BKO Quintet’s debut album Bamako Today was recorded in France some time ago and was finally released at the end of last year. It’s a remarkable album which is heavily rooted in traditional music but also contains a very strong contemporary urban feel. The band comprises four musicians from Mali plus one from France.
The French musician Aymeric Krol, who plays an unusual hybrid drum set, helped to put the band together when he went to the West African country to learn about percussion and met up with master djembe player Ibrahima Sarr. The band they created has two lead vocalists, Fassara Sacko and Nfaly Diakite, and their different singing styles complement each other very well. Diakite also plays the cumbersome-looking donsongoni which looks something like a kora but is a traditional instrument used in animist ceremonies.

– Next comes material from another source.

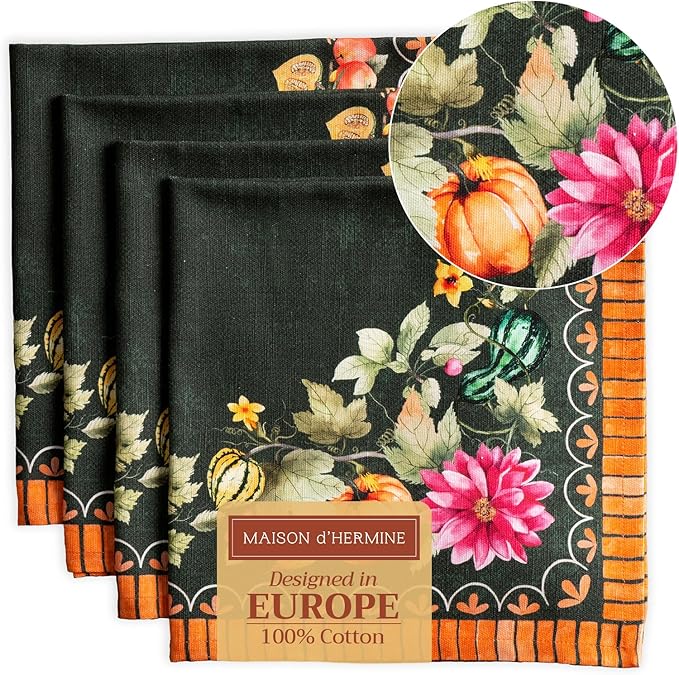 Maison d' Hermine Cloth Napkins Set of 4 Reusable 100% Cotton (20" x 20") | Everyday Square Napkins Cloth Washable Dinner Wedding Restaurant Kitchen Thanksgiving Christmas - Pumpkin Garden - Dark Green by MaisondHermine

The band’s other member Abdoulaye Kone plays djelingoni the small ‘guitar of the griots’ which is never usually played together with the donsongoni. It’s an incredibly versatile instrument, especially in Kone’s hands. The music that BKO Quintet makes on the album is pulsating for the most part but also has moments where it’s more subdued. What makes it even better is the inclusion of a DVD along with the CD which contains a 52 minute documentary film directed by Cris Ubermann.
BKO Quintet performed live last night at Naha’s Sakurazaka Theatre as part of the Sukiyaki Okinawa 2015 festival of world music. Their live show reinforced what a superb band they are and their energy and enjoyment was infectious as they urged members of the audience to get up and dance. Probably no-one in the audience understood a word of any of their songs but music transcends all borders. The band was later joined on stage by the duo Sakishima Meeting and another first was surely the improvised jam session in which Yukito Ara’s sanshin and Abdoulaye Kone’s djelingoni joined forces to duet.
Bamako Today is released by Buda Musique.